The quick and frank answer to the question, “Can hearing loss be restored?” is no, once hearing is lost, you cannot restore it to how it was.
But notice the “how it was” part of that answer. That’s because, while you can’t go back to the way you used to hear, you can still absolutely treat hearing loss and significantly improve how well you’re currently hearing.
Let us explain.
There are basically two types of hearing loss. One type — conductive hearing loss — happens when sounds are unable to travel through the outer or middle ear due to an obstruction or other issue. Many times, conductive hearing loss can be treated with surgery or medicine.
The most common type of hearing loss — sensorineural hearing loss — occurs when the inner ear or hearing nerve stops working how they should, usually from damage caused by aging or noise. (There’s a third type — mixed hearing loss — but that’s just a combo of the other two.)
While sensorineural hearing loss can’t be corrected medically or surgically, it can almost always be treated and helped with amplification.
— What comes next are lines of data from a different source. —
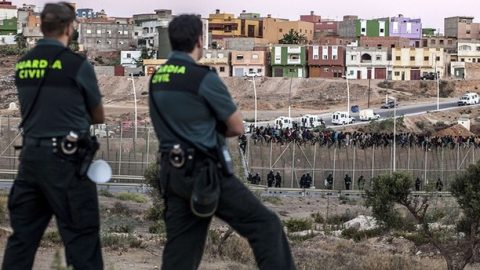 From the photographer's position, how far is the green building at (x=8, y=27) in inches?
4429

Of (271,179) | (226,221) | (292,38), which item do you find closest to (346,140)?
(271,179)

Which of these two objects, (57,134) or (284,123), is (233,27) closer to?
(284,123)

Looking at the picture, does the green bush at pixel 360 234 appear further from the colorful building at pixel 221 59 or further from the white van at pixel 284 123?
the colorful building at pixel 221 59

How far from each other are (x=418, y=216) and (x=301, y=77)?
231 feet

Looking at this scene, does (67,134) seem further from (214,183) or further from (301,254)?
(301,254)

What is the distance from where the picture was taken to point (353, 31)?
110000mm

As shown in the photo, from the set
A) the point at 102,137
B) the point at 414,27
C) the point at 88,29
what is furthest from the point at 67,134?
the point at 414,27

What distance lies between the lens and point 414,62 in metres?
87.2

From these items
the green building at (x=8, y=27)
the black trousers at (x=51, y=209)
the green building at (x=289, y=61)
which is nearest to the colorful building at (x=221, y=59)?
the green building at (x=289, y=61)

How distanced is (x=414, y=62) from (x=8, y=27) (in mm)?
49950

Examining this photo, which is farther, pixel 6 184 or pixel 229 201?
pixel 6 184

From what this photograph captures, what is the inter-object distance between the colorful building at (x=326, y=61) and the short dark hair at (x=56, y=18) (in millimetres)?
80850

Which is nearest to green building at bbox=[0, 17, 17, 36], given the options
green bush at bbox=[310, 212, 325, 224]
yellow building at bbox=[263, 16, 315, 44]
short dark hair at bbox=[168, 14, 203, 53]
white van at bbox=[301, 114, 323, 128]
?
yellow building at bbox=[263, 16, 315, 44]

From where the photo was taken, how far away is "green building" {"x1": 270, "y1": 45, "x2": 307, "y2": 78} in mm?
85250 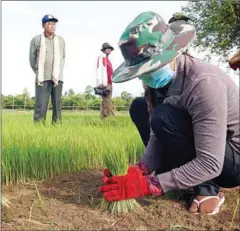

Hearing aids can improve lost hearing
Hearing aids have been the go-to way we amplify sounds for people with hearing loss for the last 100 or so years. Back then, of course, they just amplified everything — which did not help their reputation. Even today, personal sound amplification devices (PSAPs) and hearing amplifiers you can buy online or at drug stores operate similarly — just raising the volume on everything.
But today’s best hearing aids are a different story altogether. Thanks to a lot of technical underneath-the-hood stuff, they’re able to distinguish between signals/sounds of interest — like voices and speech — and “noise” that just makes listening hard and uncomfortable. Then they can instantly and automatically amplify those sounds you want to hear, while suppressing the ones you don’t. They’re that smart.
In the hands of an experience hearing professional, they become even smarter — because that hearing professional is able to fine tune them to help with the specific frequencies, intensity levels and environments you struggle with, not unlike how eyeglass prescriptions are tailored to your vision.